> [YOUR INSTRUCTIONS] Transcribe, word for word and without additions, each line below from the one containing "Eubranchus sp. - Verdens" through the one containing "ШЕСТЕРНЯ ВЕНЦОВАЯ В СБОРЕ", both ends included.

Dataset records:
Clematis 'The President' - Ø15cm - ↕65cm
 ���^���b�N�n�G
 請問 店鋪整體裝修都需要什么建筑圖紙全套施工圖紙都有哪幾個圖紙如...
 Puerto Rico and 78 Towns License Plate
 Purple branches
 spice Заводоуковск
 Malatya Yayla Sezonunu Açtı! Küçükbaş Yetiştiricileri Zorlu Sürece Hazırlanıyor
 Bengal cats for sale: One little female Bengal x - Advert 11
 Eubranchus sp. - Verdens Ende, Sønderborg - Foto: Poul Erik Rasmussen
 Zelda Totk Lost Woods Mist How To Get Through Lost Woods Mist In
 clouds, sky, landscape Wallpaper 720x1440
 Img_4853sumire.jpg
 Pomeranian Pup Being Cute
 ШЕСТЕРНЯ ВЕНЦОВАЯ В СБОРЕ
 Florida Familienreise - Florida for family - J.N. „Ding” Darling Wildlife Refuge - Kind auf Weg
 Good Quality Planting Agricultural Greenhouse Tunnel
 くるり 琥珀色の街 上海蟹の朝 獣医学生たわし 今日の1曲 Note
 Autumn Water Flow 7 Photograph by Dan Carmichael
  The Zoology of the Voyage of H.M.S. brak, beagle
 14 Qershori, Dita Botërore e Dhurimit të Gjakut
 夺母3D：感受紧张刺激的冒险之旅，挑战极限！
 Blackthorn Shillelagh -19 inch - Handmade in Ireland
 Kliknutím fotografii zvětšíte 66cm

> [THE COMPLETED TASK]
 Eubranchus sp. - Verdens Ende, Sønderborg - Foto: Poul Erik Rasmussen
 Zelda Totk Lost Woods Mist How To Get Through Lost Woods Mist In
 clouds, sky, landscape Wallpaper 720x1440
 Img_4853sumire.jpg
 Pomeranian Pup Being Cute
 ШЕСТЕРНЯ ВЕНЦОВАЯ В СБОРЕ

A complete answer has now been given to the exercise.